◆ **DATA TO USE**:

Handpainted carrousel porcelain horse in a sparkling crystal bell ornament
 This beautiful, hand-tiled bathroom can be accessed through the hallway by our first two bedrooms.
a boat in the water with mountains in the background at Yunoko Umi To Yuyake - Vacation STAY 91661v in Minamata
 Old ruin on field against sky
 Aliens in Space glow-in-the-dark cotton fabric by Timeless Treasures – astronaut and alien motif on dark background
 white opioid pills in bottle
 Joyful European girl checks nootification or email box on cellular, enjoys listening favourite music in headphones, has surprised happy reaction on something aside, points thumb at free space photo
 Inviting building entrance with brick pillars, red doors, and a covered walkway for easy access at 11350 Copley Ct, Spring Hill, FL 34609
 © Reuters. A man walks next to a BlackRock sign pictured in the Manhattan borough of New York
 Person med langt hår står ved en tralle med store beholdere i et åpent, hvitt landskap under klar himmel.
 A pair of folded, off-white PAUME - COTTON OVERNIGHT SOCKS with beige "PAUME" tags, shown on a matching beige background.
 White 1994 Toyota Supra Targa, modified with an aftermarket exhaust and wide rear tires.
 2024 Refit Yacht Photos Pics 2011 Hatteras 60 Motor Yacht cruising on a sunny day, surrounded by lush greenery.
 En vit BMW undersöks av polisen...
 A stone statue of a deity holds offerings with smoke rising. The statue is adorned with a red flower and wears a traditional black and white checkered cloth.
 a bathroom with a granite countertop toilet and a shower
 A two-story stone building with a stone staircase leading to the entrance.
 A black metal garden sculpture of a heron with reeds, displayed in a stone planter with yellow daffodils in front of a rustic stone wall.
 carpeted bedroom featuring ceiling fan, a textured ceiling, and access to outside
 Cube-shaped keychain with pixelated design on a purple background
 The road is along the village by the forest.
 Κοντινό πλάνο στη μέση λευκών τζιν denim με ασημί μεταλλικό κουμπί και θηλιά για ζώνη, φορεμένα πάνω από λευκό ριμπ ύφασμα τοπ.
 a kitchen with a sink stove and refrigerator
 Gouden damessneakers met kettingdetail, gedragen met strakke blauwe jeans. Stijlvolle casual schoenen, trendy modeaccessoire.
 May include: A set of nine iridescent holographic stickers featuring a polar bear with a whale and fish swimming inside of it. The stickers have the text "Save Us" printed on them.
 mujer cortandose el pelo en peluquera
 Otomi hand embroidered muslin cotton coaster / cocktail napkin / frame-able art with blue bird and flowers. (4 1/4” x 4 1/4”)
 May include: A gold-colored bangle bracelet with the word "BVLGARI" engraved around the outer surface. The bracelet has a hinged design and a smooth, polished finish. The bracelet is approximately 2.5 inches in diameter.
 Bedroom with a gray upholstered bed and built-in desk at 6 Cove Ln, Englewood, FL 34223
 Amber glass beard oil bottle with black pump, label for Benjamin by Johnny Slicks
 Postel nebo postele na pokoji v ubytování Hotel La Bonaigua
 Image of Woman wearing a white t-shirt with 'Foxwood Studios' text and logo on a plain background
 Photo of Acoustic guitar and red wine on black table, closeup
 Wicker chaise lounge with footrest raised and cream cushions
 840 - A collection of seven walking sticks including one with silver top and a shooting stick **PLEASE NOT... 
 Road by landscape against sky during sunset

◆ **WHAT YOU NEED TO DO**:
Reproduce every line of the records containing the string "against".

◆ **REPLY TO THE TASK**:
 Old ruin on field against sky
 Road by landscape against sky during sunset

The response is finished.